**Assignment**.
In the entries that follow, repeat exactly the lines from the one that has "Cell phone cash review. Hey" through the one that has "The original product", but omit pictures.

**Provided entries**.
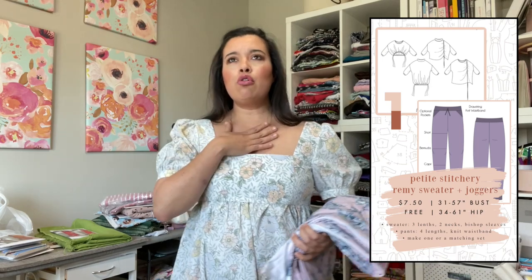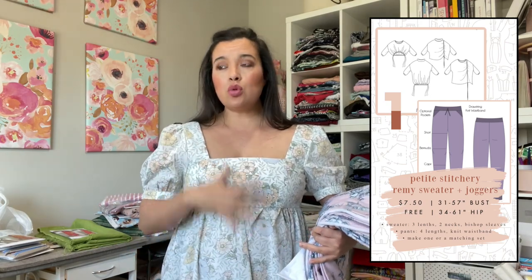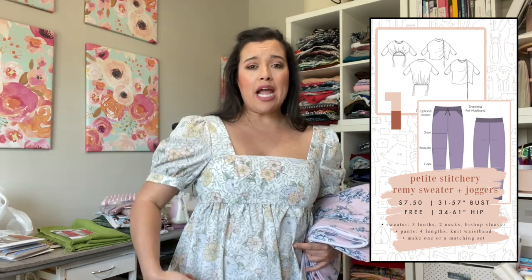First of all, our Sew Together 22 pattern for March is the Petite Stitchery Remy sweater. It's a really cool crew neck or turtleneck, drop shoulder, kind of a bigger oversized sleeve sweater with all these different options for the hem — a curved gathered hem, vertical gathers, lots and lots of options, which is why I have a lot of ideas for this pattern. I think I'm definitely going to want to make more than one version, possibly one that doubles as athleisure where you can lounge in it but also run errands.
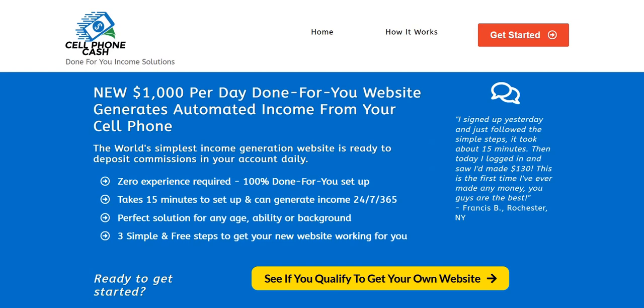Cell phone cash review. Hey there, welcome to my cell phone cash review. In this video we're going to take a look at the entire sales process for cell phone cash and also take a sneak peek at the exact demo website that you get with cell phone cash, so definitely be sure to carry on watching for that demo website.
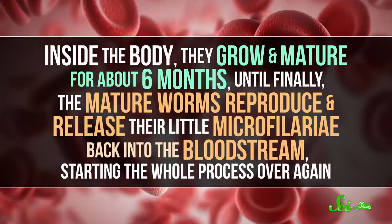Then they, no joke, crawl around until they find a way in, like the tiny hole made by the mosquito. From there, they have to wiggle their way through the skin tissue to get into small blood vessels so they can travel around the bloodstream, eventually making their way to the pulmonary arteries and lungs. Inside the body, they grow and mature for about 6 months, until finally, the mature worms reproduce and release their little microfilariae back into the bloodstream, starting the whole process over again.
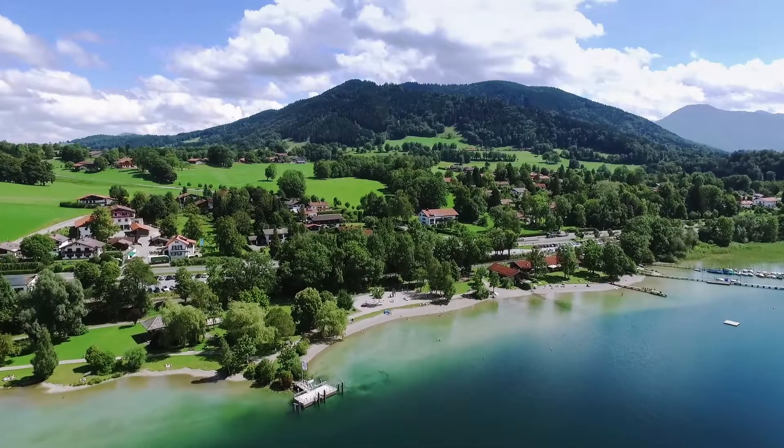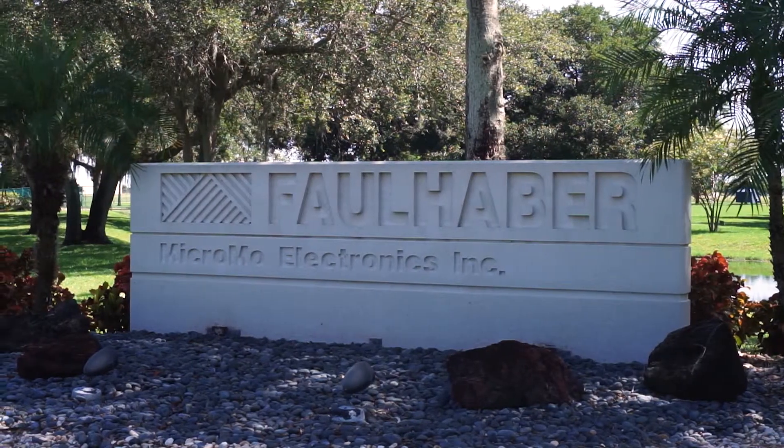The original product started in Germany with the original Dr. Fritz Faulhaber. His ex-wife and son, Fritz Faulhaber II, moved to the United States and at that point began distributing the products of Faulhaber in the North American market.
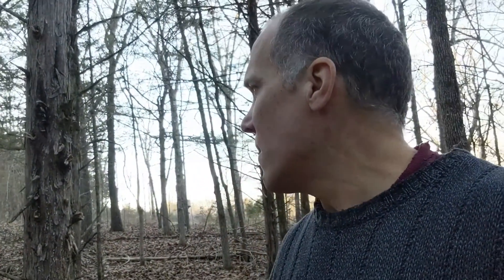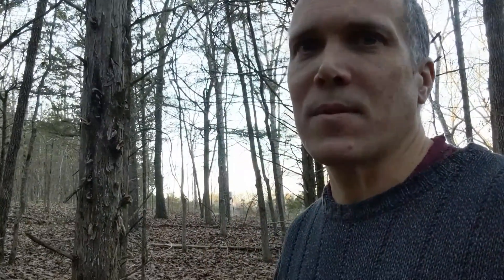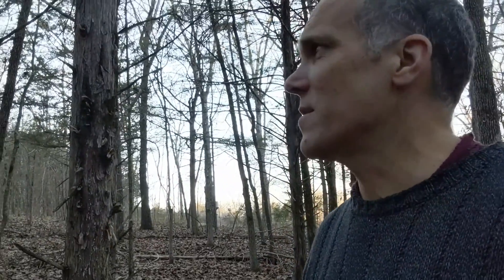We're going to take a couple of trees down today for the cabin project — mostly trees that are too close together, like these two right here. I'm going to take this one down, and there's a bunch more down there that need the same. I'm going to go ahead and put my camera in front of where I'm working so you can actually see the tree fall.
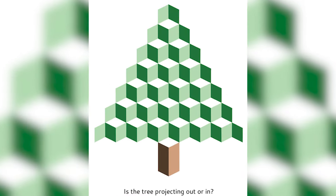Is this Christmas tree projecting out or is it projecting in? I have no idea which way it's going, but I want you to know which way you think it's going. Comment down below — do you think the Christmas tree is projecting out or is it going in?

**Solved exercise**.
Cell phone cash review. Hey there, welcome to my cell phone cash review. In this video we're going to take a look at the entire sales process for cell phone cash and also take a sneak peek at the exact demo website that you get with cell phone cash, so definitely be sure to carry on watching for that demo website.
Then they, no joke, crawl around until they find a way in, like the tiny hole made by the mosquito. From there, they have to wiggle their way through the skin tissue to get into small blood vessels so they can travel around the bloodstream, eventually making their way to the pulmonary arteries and lungs. Inside the body, they grow and mature for about 6 months, until finally, the mature worms reproduce and release their little microfilariae back into the bloodstream, starting the whole process over again.
The original product started in Germany with the original Dr. Fritz Faulhaber. His ex-wife and son, Fritz Faulhaber II, moved to the United States and at that point began distributing the products of Faulhaber in the North American market.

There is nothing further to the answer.